Task statement:
Start at the line below containing "HUBSAB logo, HUBSAB contact details" and stop at the line containing "Gus* Modern Renfrew Loft Bi-Sectional". Repeat every line of that stretch exactly, and nothing outside it.
[[ Provided information, beginning ]]
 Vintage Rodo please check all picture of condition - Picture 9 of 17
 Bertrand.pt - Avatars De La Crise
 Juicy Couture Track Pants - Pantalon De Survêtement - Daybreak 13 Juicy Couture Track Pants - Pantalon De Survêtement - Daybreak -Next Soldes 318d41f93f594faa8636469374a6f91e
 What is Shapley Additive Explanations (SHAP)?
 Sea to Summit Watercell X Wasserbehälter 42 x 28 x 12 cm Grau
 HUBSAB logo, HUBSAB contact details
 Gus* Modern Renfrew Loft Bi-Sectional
[[ Provided information, end ]]
[[ Provided information, beginning ]]
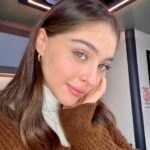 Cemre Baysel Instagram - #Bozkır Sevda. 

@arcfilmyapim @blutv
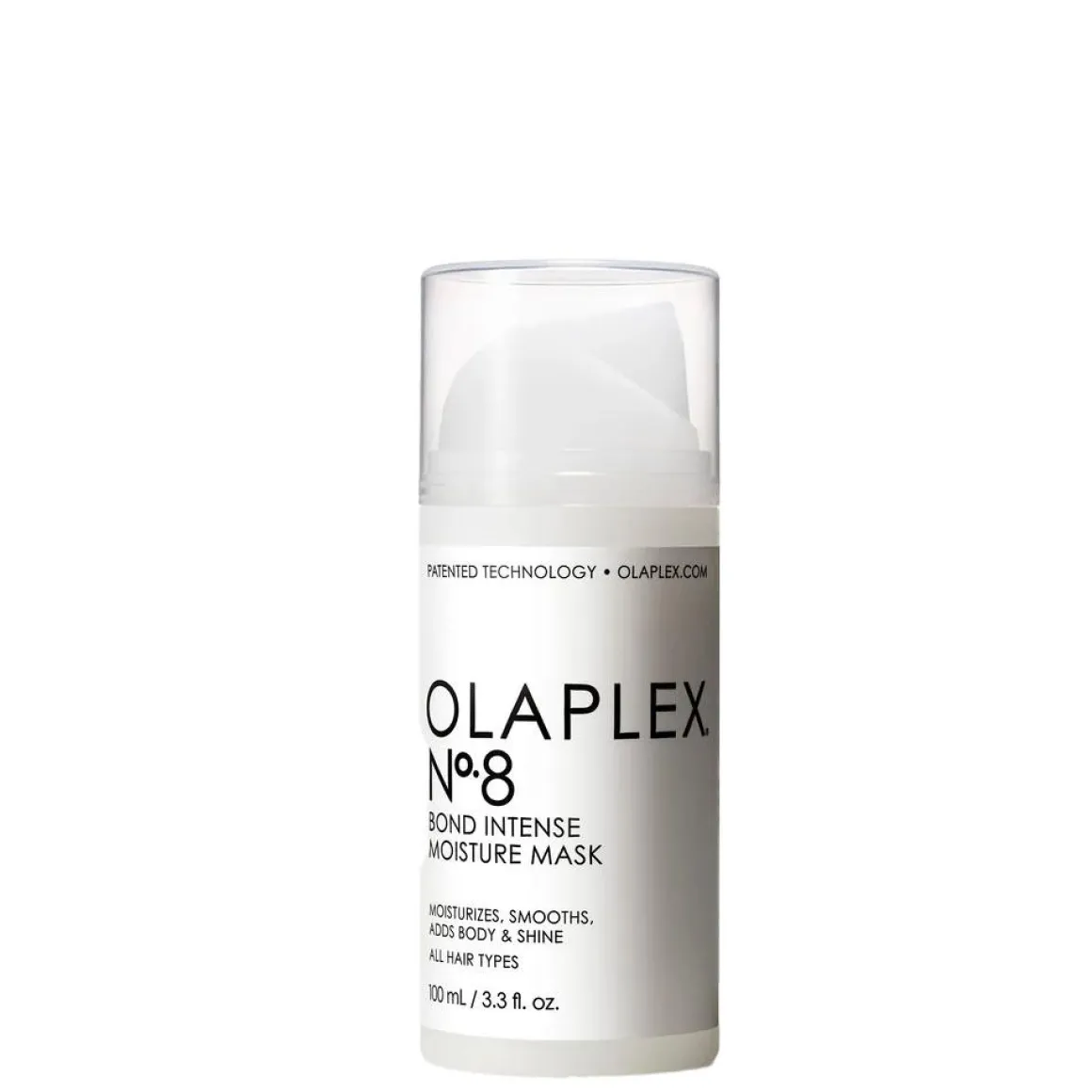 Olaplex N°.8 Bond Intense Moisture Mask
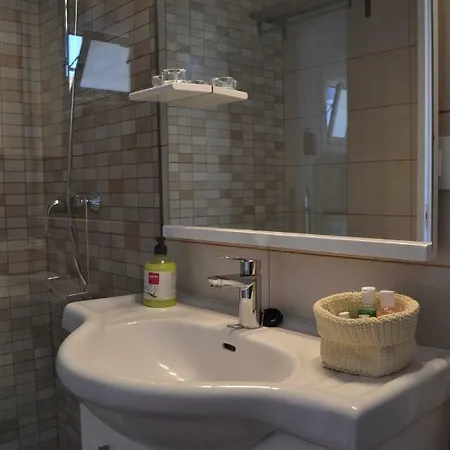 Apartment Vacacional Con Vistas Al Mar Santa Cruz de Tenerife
[[ Provided information, end ]]
[[ Provided information, beginning ]]
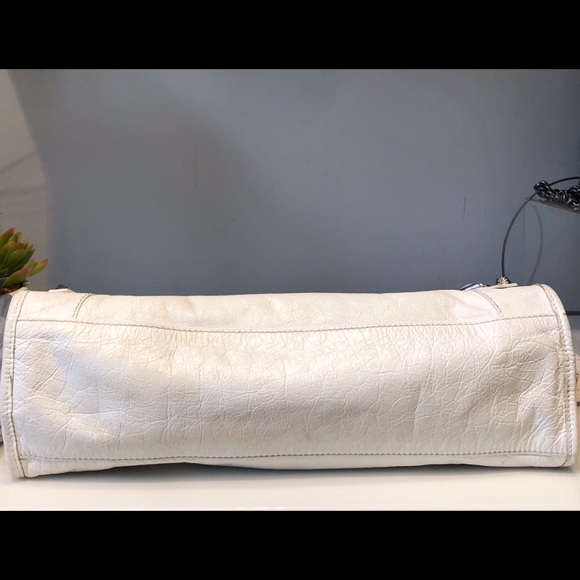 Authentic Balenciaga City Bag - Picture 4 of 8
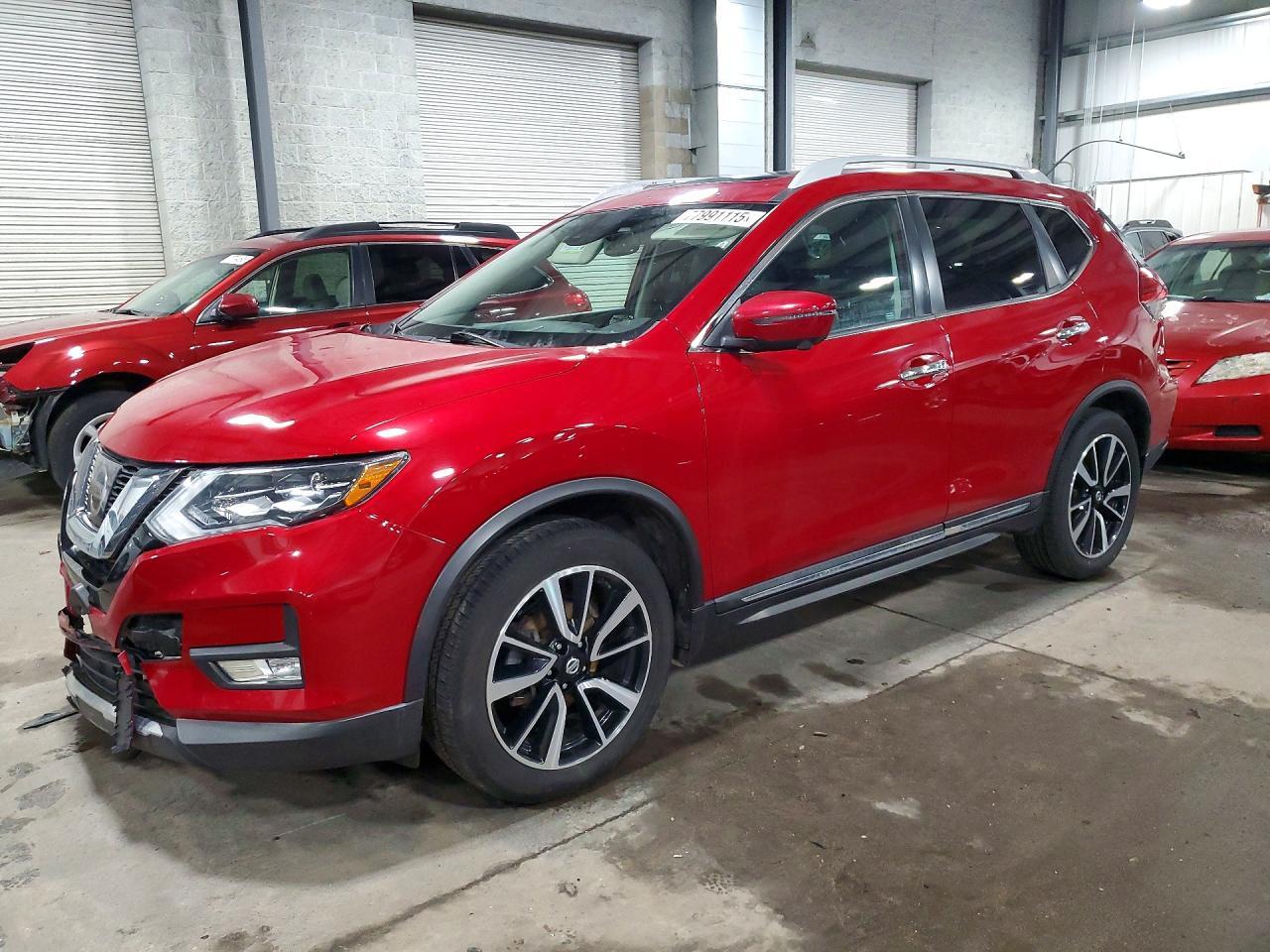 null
[[ Provided information, end ]]
The completed task:
 HUBSAB logo, HUBSAB contact details
 Gus* Modern Renfrew Loft Bi-Sectional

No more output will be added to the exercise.